Output all entries precisely and leave out the pictures.
════════════════
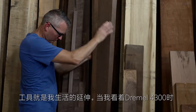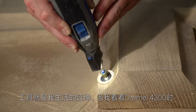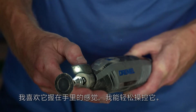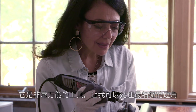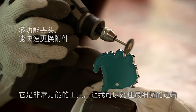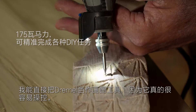My tools are an extension of myself, and when I look to the Dremel 4300, I like the way it feels in my hand — I can easily control it. It's a very versatile tool that allows me to go into the finest little edges. I'm able to use the Dremel as a drawing tool; it's very easy to use.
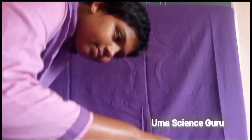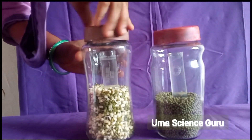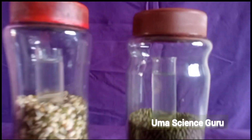Close the bottles tightly. Students, observe the bottles — in both sets, lime water is very clear. Keep these seeds undisturbed for two days.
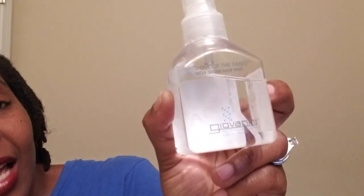Once I get my hair damp, these are the things I use next. I like to use dry oils. You can use any type of oil — you can even put it inside the spray bottle if you don't want to use vitamin E oil. I always try to find products that are clear so I don't get any product buildup. This is the Giovanni Shining of Times High Gloss Mist. I love it because it's a nice oil mist — nothing hard, just something really nice and dry.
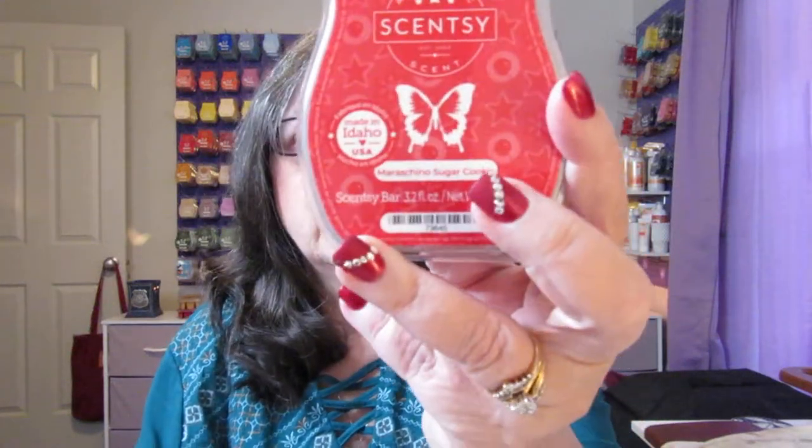Then you get three full-size Scentsy bars. This one is Best in Snow — it's a light blue. This one is Maraschino Sugar Cookie, which I've never heard of before. It's a red color. Let me see if I can smell them.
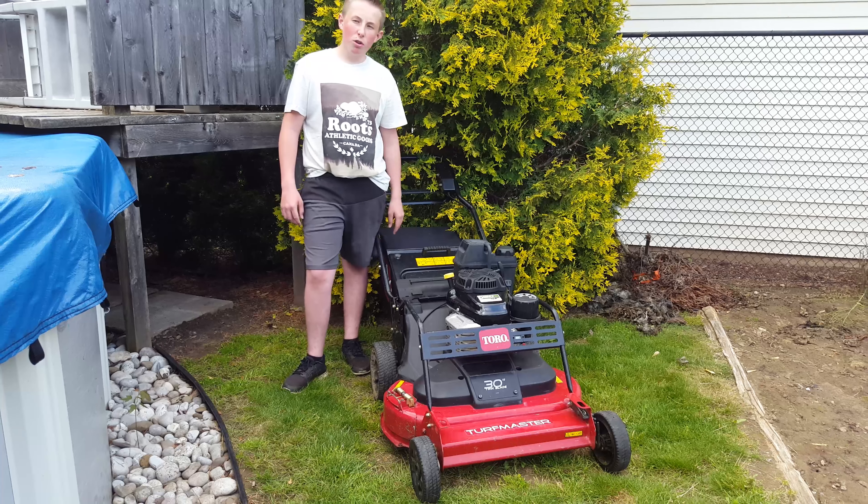Hey guys, let's get right into the pros of this Toro Turfmaster 30. Right off the bat, the obvious part that is the best is the cutting width — it saves so much time compared to a small 21-inch lawnmower that I just don't want to pick one up anymore. Sometimes this doesn't fit through the gate of some backyards, and I dread to use the 21-inch because this thing is so nice to use.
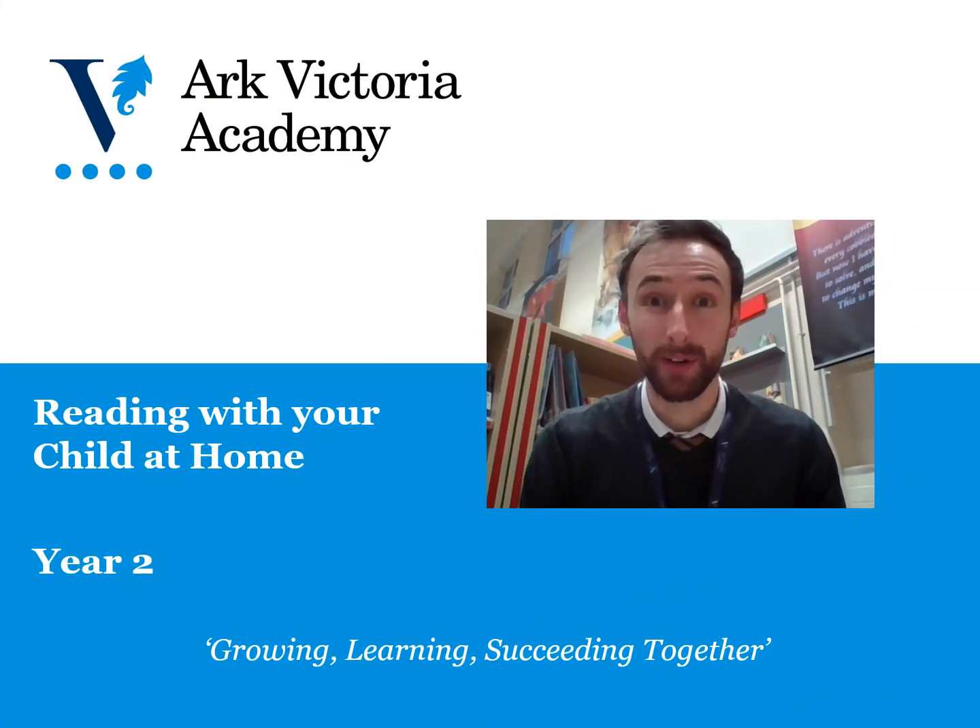Hello, parents and carers of children in Year 2 at our Victoria Academy. This video has been put together to help support you to read effectively with your children at home, so I hope that you'll find it to be a useful resource.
════════════════
Response area:
My tools are an extension of myself, and when I look to the Dremel 4300, I like the way it feels in my hand — I can easily control it. It's a very versatile tool that allows me to go into the finest little edges. I'm able to use the Dremel as a drawing tool; it's very easy to use.
Close the bottles tightly. Students, observe the bottles — in both sets, lime water is very clear. Keep these seeds undisturbed for two days.
Once I get my hair damp, these are the things I use next. I like to use dry oils. You can use any type of oil — you can even put it inside the spray bottle if you don't want to use vitamin E oil. I always try to find products that are clear so I don't get any product buildup. This is the Giovanni Shining of Times High Gloss Mist. I love it because it's a nice oil mist — nothing hard, just something really nice and dry.
Then you get three full-size Scentsy bars. This one is Best in Snow — it's a light blue. This one is Maraschino Sugar Cookie, which I've never heard of before. It's a red color. Let me see if I can smell them.
Hey guys, let's get right into the pros of this Toro Turfmaster 30. Right off the bat, the obvious part that is the best is the cutting width — it saves so much time compared to a small 21-inch lawnmower that I just don't want to pick one up anymore. Sometimes this doesn't fit through the gate of some backyards, and I dread to use the 21-inch because this thing is so nice to use.
Hello, parents and carers of children in Year 2 at our Victoria Academy. This video has been put together to help support you to read effectively with your children at home, so I hope that you'll find it to be a useful resource.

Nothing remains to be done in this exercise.